Extracted records
____
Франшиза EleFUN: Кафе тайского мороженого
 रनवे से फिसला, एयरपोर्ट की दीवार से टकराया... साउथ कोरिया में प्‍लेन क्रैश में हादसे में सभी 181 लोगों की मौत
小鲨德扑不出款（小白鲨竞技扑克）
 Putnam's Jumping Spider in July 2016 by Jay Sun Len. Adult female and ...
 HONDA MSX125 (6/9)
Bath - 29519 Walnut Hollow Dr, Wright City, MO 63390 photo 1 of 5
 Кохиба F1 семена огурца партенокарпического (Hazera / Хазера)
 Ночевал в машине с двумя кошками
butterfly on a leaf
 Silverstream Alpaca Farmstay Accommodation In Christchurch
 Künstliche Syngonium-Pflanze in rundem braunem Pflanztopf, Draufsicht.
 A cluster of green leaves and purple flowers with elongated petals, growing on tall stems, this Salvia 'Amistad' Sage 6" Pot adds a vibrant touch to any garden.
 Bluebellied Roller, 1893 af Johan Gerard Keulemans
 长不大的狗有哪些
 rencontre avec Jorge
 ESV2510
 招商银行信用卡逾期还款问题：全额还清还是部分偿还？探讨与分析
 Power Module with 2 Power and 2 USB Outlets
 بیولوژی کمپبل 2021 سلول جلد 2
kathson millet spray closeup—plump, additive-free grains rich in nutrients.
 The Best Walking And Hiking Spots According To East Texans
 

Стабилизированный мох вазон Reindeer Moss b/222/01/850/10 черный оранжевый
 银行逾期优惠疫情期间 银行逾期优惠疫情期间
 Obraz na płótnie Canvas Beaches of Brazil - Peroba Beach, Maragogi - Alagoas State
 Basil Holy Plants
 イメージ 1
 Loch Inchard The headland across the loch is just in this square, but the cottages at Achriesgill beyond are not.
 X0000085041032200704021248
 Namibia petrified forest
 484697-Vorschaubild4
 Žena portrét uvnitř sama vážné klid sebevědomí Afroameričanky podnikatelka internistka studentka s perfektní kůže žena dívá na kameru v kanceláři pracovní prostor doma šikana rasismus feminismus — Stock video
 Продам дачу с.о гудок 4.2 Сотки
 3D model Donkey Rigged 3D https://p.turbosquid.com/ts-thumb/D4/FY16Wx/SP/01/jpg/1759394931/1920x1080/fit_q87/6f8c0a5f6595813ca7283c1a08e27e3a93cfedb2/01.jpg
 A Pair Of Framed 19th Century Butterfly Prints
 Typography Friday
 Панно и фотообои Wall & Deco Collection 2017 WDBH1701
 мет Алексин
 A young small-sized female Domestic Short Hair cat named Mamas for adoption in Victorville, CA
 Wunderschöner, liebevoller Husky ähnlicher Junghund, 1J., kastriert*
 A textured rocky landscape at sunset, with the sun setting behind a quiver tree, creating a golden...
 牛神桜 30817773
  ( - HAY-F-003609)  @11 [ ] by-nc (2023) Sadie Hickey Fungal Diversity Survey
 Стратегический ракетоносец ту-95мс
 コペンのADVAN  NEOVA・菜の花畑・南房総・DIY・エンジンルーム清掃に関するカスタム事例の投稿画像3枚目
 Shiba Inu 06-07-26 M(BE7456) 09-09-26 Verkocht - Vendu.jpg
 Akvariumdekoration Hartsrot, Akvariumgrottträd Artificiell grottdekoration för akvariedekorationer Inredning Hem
____
All that should be written out is the stretch of lines above between the one holding "HONDA MSX125 (6/9)" and the one holding "Künstliche Syngonium-Pflanze in", inclusive, exactly as given.

> _RESPONSE TO THE EXERCISE_:
 HONDA MSX125 (6/9)
Bath - 29519 Walnut Hollow Dr, Wright City, MO 63390 photo 1 of 5
 Кохиба F1 семена огурца партенокарпического (Hazera / Хазера)
 Ночевал в машине с двумя кошками
butterfly on a leaf
 Silverstream Alpaca Farmstay Accommodation In Christchurch
 Künstliche Syngonium-Pflanze in rundem braunem Pflanztopf, Draufsicht.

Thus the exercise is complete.